# What you will do
Please repeat, precisely as written, only the lines from the one containing "Minnesota State Flag Graphic" through the last line of the records below, pictures omitted.

━━━━

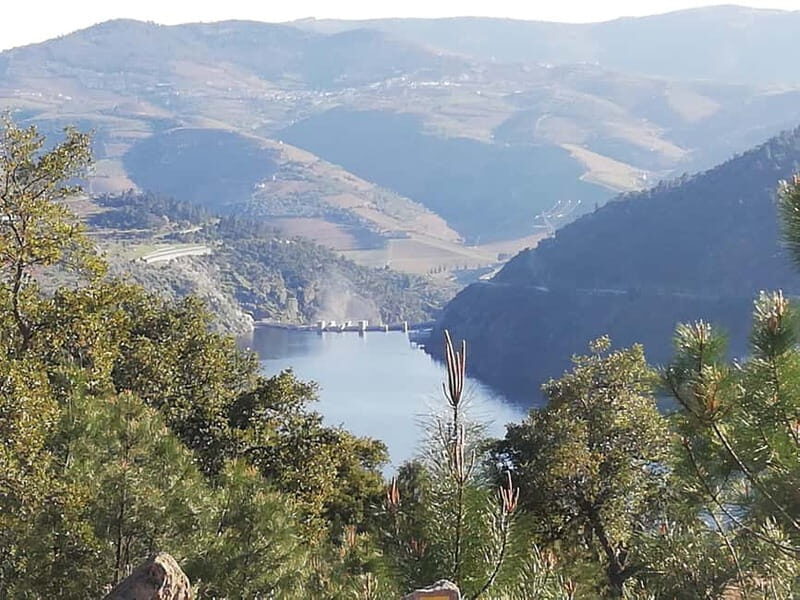 Private Douro Wine Experience - Full Day in the Douro Valley - Why This Tour Suits You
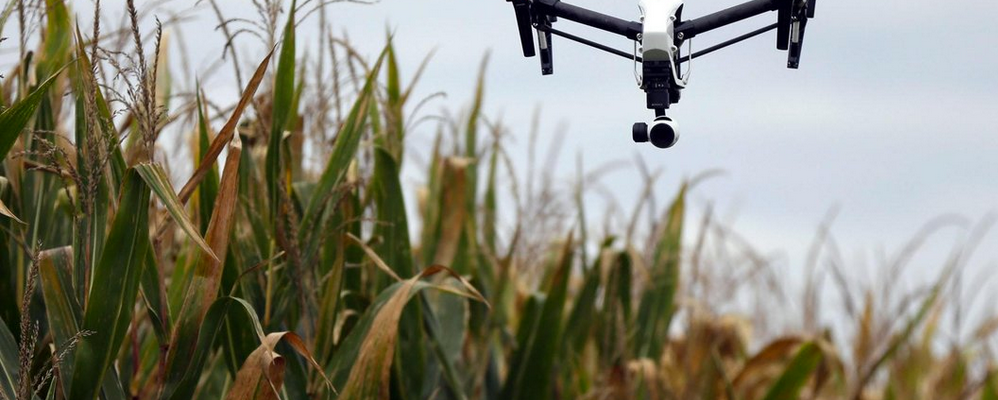 Taking Farming To New Heights: The Rise Of Agricultural Drones In Auburn, Alabama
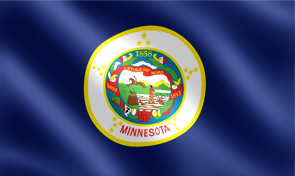 Minnesota State Flag Graphic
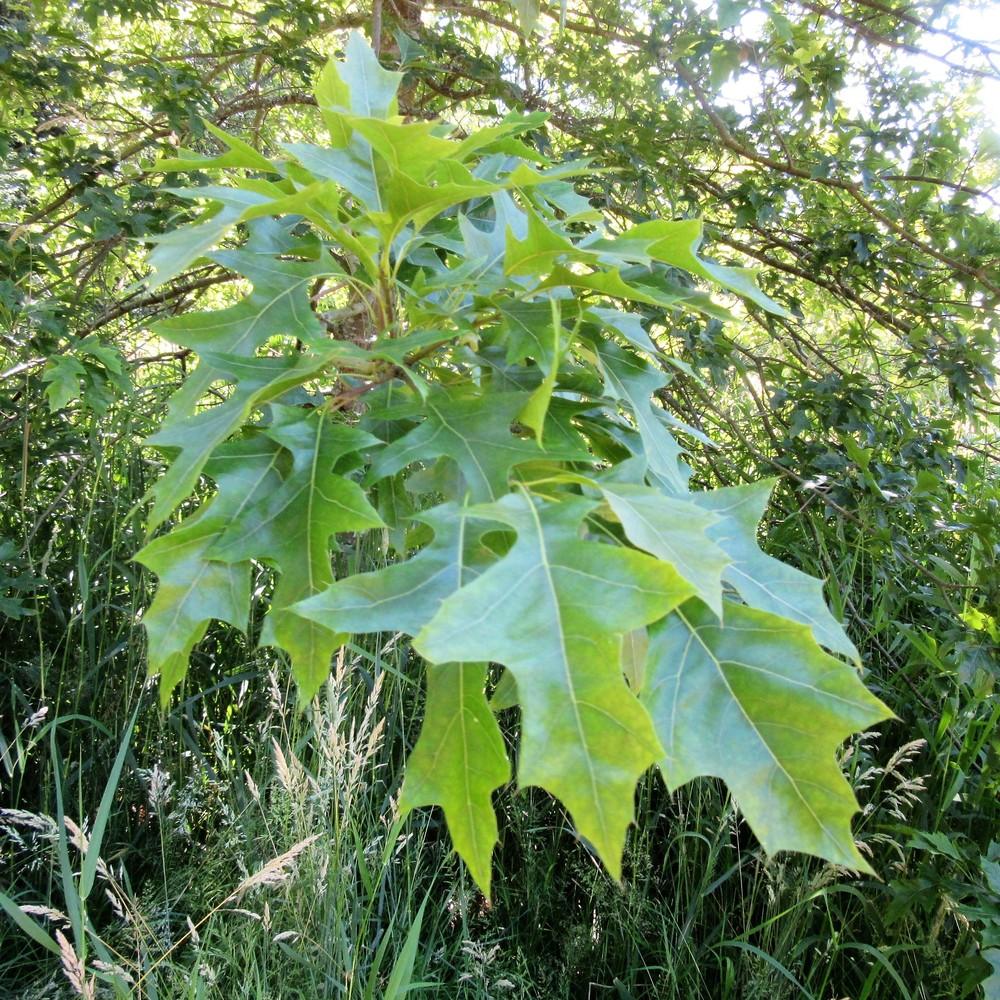 Photo of Pin Oak (Quercus palustris) uploaded by Bonehead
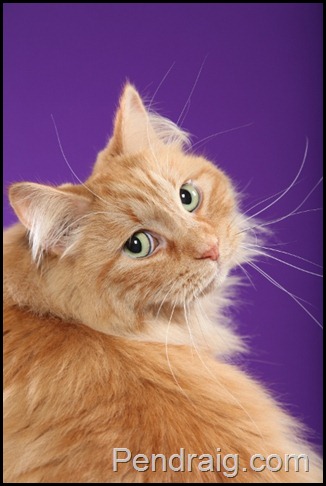 Image of red solid Siberian cat with green eyes.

━━━━

# Finished task
 Minnesota State Flag Graphic
 Photo of Pin Oak (Quercus palustris) uploaded by Bonehead
 Image of red solid Siberian cat with green eyes.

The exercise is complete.